Dinanzi a tanta insistenza … Il rapporto tra la morte e la meditazione? Il culmine della meditazione è come una piccola morte, quella dell’ego, ovviamente. Tutto ciò in cui abbiamo investito speranze, e quindi risorse psicologiche, credenze, pseudoidentità, presunti valori, certezze, amori, identificazioni molteplici, noi stessi, il fatto di pensare e credere mi chiamo in questo o in quell’altro modo, sono uno studente, un professionista, un operaio, ecc., sparisce, si dissolve, si volatilizza. Che resta?
Rimane l’individuo autentico, primigenio, la sua vera natura, che è consapevolezza, amore disinteressato, compassione, condivisione e, soprattutto, gioia. Questo è il rapporto tra la vera morte, quella dell’ego, e la meditazione. Quando si sperimenta questo stato – che gli yogi definiscono superconsapevolezza e i mistici designano come samadhi – rimane l’inno dell’energia che celebra se stessa, la vita. La paura non ha senso in quanto subentra una strana, apparentemente assurda certezza, quella della nostra immortalità.

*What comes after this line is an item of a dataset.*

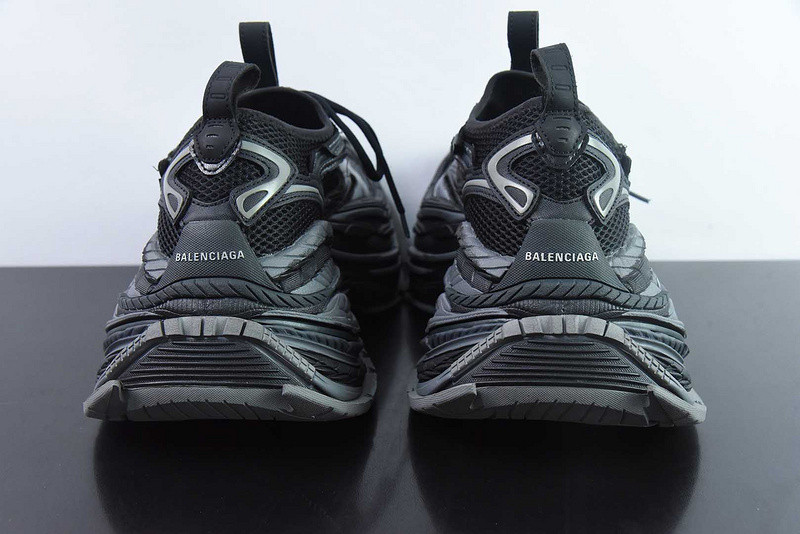 BC XL SNEAKERS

Fin quando il nostro orizzonte è limitato alla vita come impermanenza vediamo che ogni cosa è composta da innumerevoli frammenti che si dissolvono e ricompongono impietosamente. Ma quando l’orizzonte si amplia sino a comprendere l’essenza medesima del creato, dell’increato, o se preferite della manifestazione, quindi di ciò che è, chi perirà? Se sono divenuto la pietra ai miei piedi come la rosa e il giardino e il bosco, chi mai perirà?